100.[sup]6[/sup] (v. 43-47) “And if your hand causes you to sin, cut it off. It is better for you to enter life crippled than with two hands to go to hell, to the unquenchable fire. And if your foot causes you to sin, cut it off. It is better for you to enter life lame than with two feet to be thrown into hell. And if your eye causes you to sin, tear it out. It is better for you to enter the kingdom of God with one eye than with two eyes to be thrown into hell.”

(Parallel: Matthew 18:8-9 (180.6))

101.[sup]10[/sup] (v. 48-49) “‘Where their worm does not die and the fire is not quenched.’ For everyone will be salted with fire.”

(Parallel: No parallel)

102.[sup]2[/sup] (v. 50) “Salt is good, but if the salt has lost its saltiness, how will you make it salty again? Have salt in yourselves, and be at peace with one another.”

(Parallel: Matthew 5:13 (31.2); Luke 14:34-35 (185.2))

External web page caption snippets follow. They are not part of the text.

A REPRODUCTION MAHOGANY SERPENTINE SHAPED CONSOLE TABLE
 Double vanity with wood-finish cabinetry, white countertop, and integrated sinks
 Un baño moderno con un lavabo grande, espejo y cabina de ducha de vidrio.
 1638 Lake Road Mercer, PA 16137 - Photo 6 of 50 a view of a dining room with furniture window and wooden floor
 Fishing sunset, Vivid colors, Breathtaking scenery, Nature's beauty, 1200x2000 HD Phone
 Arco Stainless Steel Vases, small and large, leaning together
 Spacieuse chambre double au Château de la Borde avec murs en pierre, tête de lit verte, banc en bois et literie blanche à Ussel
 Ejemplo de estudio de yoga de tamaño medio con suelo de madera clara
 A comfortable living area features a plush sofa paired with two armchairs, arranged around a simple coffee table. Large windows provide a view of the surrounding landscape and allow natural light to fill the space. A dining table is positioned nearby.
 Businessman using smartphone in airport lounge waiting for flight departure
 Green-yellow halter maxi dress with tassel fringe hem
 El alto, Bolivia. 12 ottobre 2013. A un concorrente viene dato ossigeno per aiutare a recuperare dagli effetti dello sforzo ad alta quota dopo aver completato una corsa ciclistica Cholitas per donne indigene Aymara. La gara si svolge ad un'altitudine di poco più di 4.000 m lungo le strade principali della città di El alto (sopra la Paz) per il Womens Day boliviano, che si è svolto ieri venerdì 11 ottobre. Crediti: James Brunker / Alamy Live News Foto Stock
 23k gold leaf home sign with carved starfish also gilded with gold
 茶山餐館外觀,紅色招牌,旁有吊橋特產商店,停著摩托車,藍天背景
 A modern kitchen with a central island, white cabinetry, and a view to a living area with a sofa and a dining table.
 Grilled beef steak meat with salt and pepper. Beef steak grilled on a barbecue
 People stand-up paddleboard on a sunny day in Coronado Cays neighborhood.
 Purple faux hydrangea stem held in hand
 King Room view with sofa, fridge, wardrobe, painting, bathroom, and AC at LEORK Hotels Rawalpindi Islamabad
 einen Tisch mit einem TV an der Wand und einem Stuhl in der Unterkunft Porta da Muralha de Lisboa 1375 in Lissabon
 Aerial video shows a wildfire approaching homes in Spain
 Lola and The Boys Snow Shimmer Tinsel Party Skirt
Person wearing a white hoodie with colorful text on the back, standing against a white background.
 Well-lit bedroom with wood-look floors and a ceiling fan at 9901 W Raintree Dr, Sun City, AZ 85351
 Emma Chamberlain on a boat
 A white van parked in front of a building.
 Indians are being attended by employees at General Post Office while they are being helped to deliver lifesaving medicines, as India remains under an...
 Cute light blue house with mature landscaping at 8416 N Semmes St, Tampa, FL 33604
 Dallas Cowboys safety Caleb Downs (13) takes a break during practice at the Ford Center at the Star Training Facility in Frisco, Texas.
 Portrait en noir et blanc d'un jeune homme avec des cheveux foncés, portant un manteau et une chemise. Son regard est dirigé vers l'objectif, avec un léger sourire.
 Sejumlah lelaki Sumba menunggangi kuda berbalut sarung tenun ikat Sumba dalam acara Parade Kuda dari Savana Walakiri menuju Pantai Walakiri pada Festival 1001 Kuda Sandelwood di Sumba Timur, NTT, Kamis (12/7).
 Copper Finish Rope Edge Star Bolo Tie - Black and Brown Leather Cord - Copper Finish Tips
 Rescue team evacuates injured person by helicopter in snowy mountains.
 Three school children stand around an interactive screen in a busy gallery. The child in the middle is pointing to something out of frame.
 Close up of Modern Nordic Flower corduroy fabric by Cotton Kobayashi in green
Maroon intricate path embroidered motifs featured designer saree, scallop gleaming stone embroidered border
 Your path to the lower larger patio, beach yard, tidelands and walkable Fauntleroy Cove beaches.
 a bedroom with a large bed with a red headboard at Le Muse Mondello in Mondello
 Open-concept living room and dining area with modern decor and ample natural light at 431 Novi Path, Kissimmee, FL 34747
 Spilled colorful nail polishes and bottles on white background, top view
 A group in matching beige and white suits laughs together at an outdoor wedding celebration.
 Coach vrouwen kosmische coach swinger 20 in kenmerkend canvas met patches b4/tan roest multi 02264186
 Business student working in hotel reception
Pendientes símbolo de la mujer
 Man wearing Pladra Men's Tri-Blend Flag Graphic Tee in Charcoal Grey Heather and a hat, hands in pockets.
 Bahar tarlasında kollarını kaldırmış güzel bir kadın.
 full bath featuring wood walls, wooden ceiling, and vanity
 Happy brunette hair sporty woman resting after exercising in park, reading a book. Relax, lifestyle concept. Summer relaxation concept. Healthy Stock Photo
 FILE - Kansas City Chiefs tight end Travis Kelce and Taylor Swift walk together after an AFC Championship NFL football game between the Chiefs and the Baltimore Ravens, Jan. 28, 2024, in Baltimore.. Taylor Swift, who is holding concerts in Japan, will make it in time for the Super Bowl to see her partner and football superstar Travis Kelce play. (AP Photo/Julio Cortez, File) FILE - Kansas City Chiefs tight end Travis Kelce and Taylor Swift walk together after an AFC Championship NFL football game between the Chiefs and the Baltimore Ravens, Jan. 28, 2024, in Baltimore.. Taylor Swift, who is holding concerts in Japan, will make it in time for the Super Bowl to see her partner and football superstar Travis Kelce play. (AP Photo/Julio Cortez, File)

Canon 101 (containing verse 48-49) is listed as belonging to Table 10: sections which have no parallels in the other gospels. The preceding verses (Canon 100) are linked with their Matthaean parallel (18:8-9). Had Eusebius known of verses 44 and 46 he would have also given them their own separate canons.

It had been suggested that verses 44 and 46 were deliberately added to make the passage - which is somewhat semi-liturgical and incantatory - symmetric and better memorable by repetition. (In the Byzantine lectionary, Mark 9:42-10:1 was - and still is - the reading for the Monday of the Thirty-First Week after Pentecost.)